Still, her family didn't know how her cells had been taken, distributed, and used. All her cousin Day was told was that an autopsy might help protect the family if any of them also ended up having cancer.
The HeLa cells did a lot of good in the world. For example, they were the cells that Jonas Salk used when he needed to test his polio vaccine. Skloot traces the movement of the different HeLa cells through many labs and scientific discoveries. She also explains how the HeLa cells ended up contaminating other cells—which is how the Lacks family finally found out that the cells taken from Henrietta were being used around the world.
Ultimately, Skloot argues that the medical community has a responsibility to its subjects and that informed consent is absolutely necessary and ethical. This is clear both from her description of the use of HeLa cells and from the story of the Lacks family and how many times they were misled or and mistreated by the medical community.
What is the central argument in The Immortal Life of Henrietta Lacks?
The Immortal Life of Henrietta Lacks by Rebecca Skloot has several major themes, but not really a single central argument. It starts as a mystery concerning the cell line derived from Henrietta Lacks, who died of cervical cancer in 1951. Skloot was curious about the person behind the cells, and her curiosity was further piqued as she discovered how little had been known or written about the woman whose cells have been so important to science.

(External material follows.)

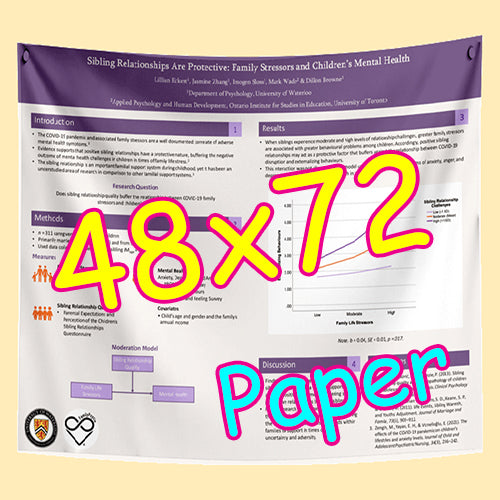 Cheapest Paper Research Poster Printing in Toronto 48x72 from $100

In her efforts to uncover the history of Henrietta Lacks, Skloot raises many issues of medical ethics. The first is how much or whether people can be said to own their genetic material. The next has to do with the nature of informed consent, and the way that the standards of informed consent are biased towards the educated middle classes. Another issue she raises is how unequal hierarchies of race, gender, and class play into the everyday practices of the medical community.
What is the central argument in The Immortal Life of Henrietta Lacks?

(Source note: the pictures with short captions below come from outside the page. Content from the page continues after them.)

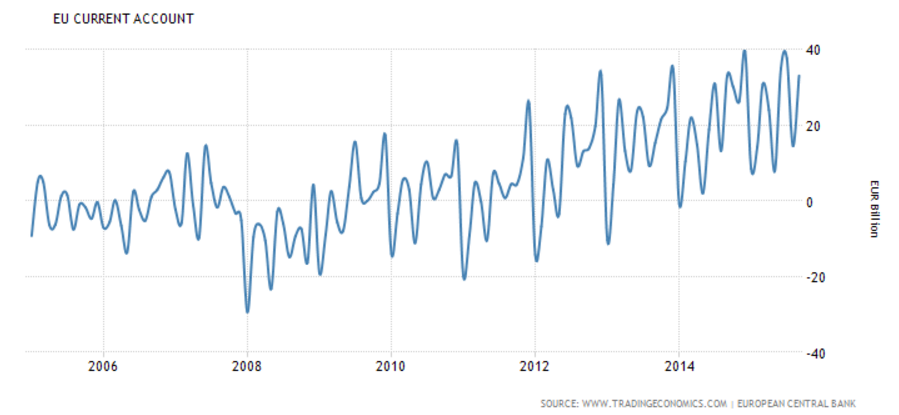 Labor market conditions index, Euro and yen charts, Fed discussion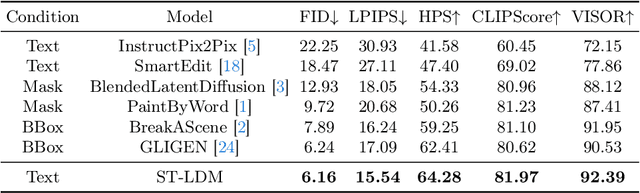 Figure 2 for ST-LDM: A Universal Framework for Text-Grounded Object Generation in Real Images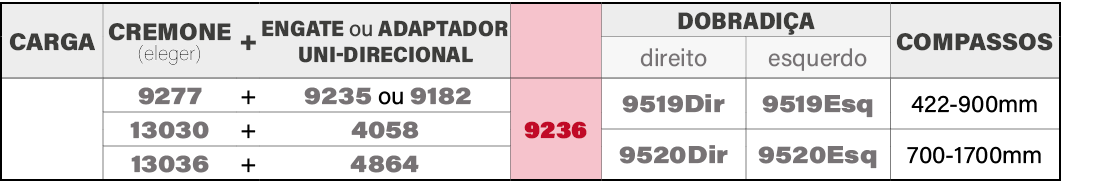 carga,CREMONE (eleger),+,ENGATE ou adaptador uni direcional,,DOBRADI A,COMPASSOS,direito ,esquerdo,,9277,+, 9235 ou 9...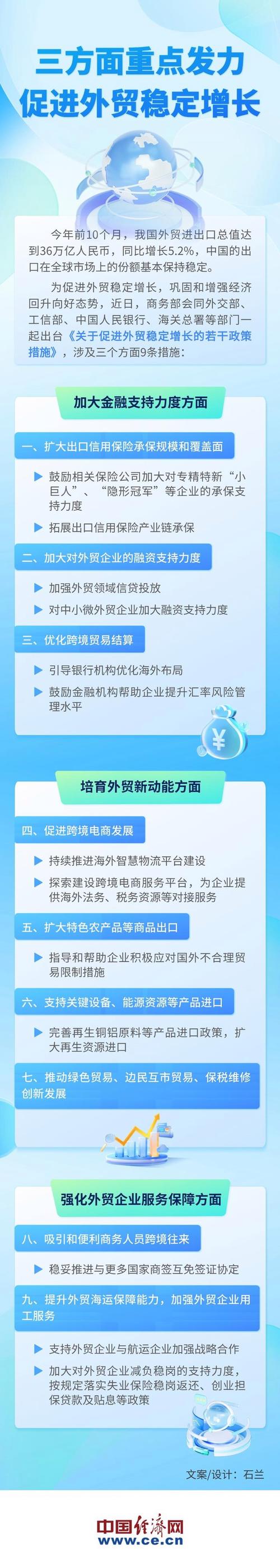 金融机构如何稳外贸?深圳落地全国首单“跨境电商保”试点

The central argument of the book is that the scientific community has an ethical obligation to respect the dignity, autonomy, and personhood of all subjects and individuals with whom it comes into contact. Accordingly, individuals cannot be made into subjects of scientific inquiry without their consent. And, when objects of scientific study (including, for example, the physical material scientists use within a labor try setting) are sourced from individual people, those individuals deserve to be made aware of such sourcing, and when possible they ought to be appropriately compensated.